2. Read it. Is this book worth writing about?
3. Write a review.
Movie reviews basically have to cover all releases in a week, so there is no such filtering out of bad products.
My perception is that book reviews tend to be softer than movie reviews, but I had a different theory: that for social reasons people in the relatively small literary community are reluctant to give negative reviews to people they are likely to meet, if they don’t know them already. As the vast majority of reviewed films are foreign, this is less of a problem in movie reviewing.
A friend who is a part-time literary critic made a related point, that many book reviewers are actual or aspiring book writers themselves, while few movie reviewers have made or are likely to make a film. There are several reasons why this may lead book authors to be softer reviewers: they don’t want to provoke negative reviews of their own work, compared to a critic less of their reputation with readers relies on providing good advice to book buyers (which could lead to lower quality of reviewing overall, not just in being soft), and having been through the pain of writing themselves may just feel sorry for authors, even if the book isn’t much good.

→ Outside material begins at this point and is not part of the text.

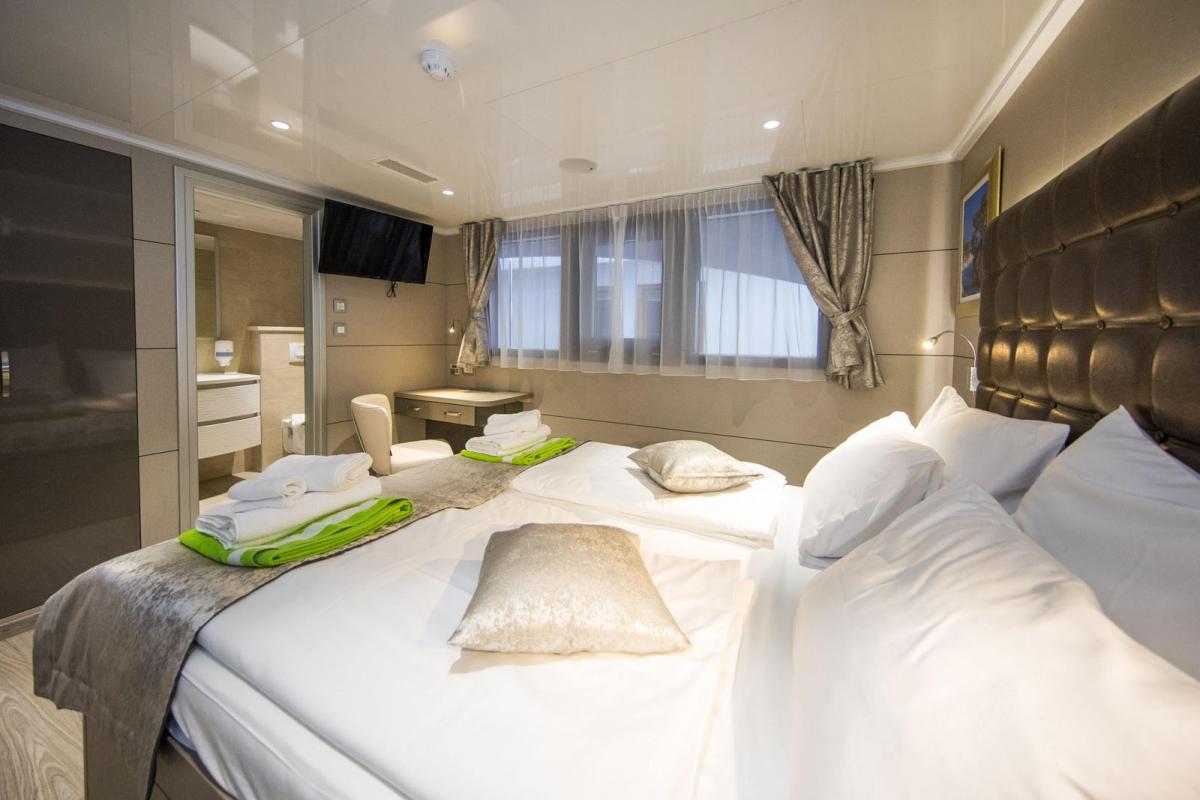 Amb-Cabin-Main Deck (6)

Having an empirical mindset, I decided to try to test these theories by monitoring film and book reviews in the Weekend Australian, the Sydney Morning Herald, and At the Movies (deleting David Stratton overlaps). I have done this since 17 January, concluding this weekend. This gives me a sample of 105 book reviews and 60 film reviews, enough for some initial testing of the theories.
An initial methodological problem was that while film reviews have a convenient 5 star system, this practice is not used for book reviews (why not? another curious difference between the two reviewing systems). So I had to attribute stars based on my reading of the review. When the superlatives were flowing I gave 4 or above, when the review was broadly positive but not enthusiastic I gave 3 or 3.5, when it was lukewarm I gave 2.5, and when the reviewer clearly did not like the book I gave it two or below. Mostly this wasn’t too hard to do, but occasionally reviewing practices such as barely mentioning the book under review while discussing the general topic of the book made this difficult. It is hard to know whether this is a tactic to avoid giving a negative review, or the reviewer is so vain that he believes we would rather hear his views on the topic than the author’s.

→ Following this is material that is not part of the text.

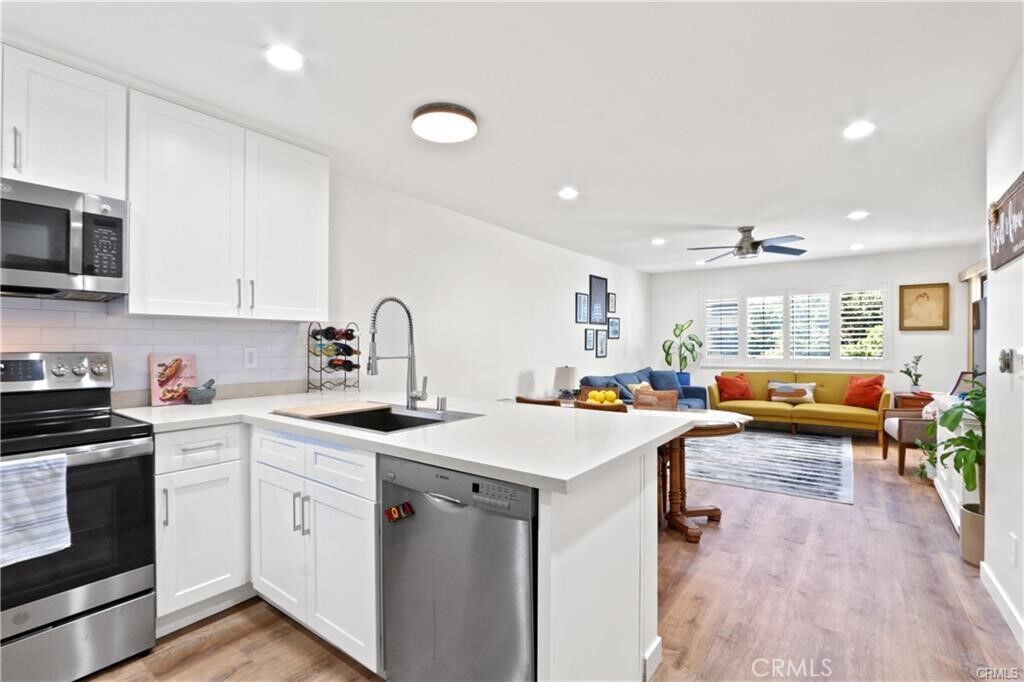 Property Photo:  2332 E 17th Street 103  CA 90804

The results do show the pattern I expected, but not nearly as strongly. On average, book reviews averaged 3.5 and movie reviews averaged 3.4. Among the book reviews, people who were writers themselves averaged 3.6, while people I categorised as critics averaged 3.4 (I could not classify all reviewers into either category, and classified people as critics where I knew they were regular reviewers, their biographical note said they were reviewers, or they were academics).
At the Movies averaged a 3.3 review, while the newspapers which run fewer reviews averaged 3.5 – consistent with the theory that the more reviews you have to run each week the more likely you are to cover weaker films. The SMH, for example, reviews only two films a week in its Saturday edition, and gave no ‘fail’ marks and only one 2.5 review – absurdly in my view to Clint Eastwood’s excellent Gran Torino, which they probably thought would be good.
To do this properly would require a much larger sample and at least two people starring the book reviews. But overall it suggests to me that despite some structural issues that count against book reviewing being conducted in the interests of book readers, the profession is not as corrupted by structural problems as I thought it might be.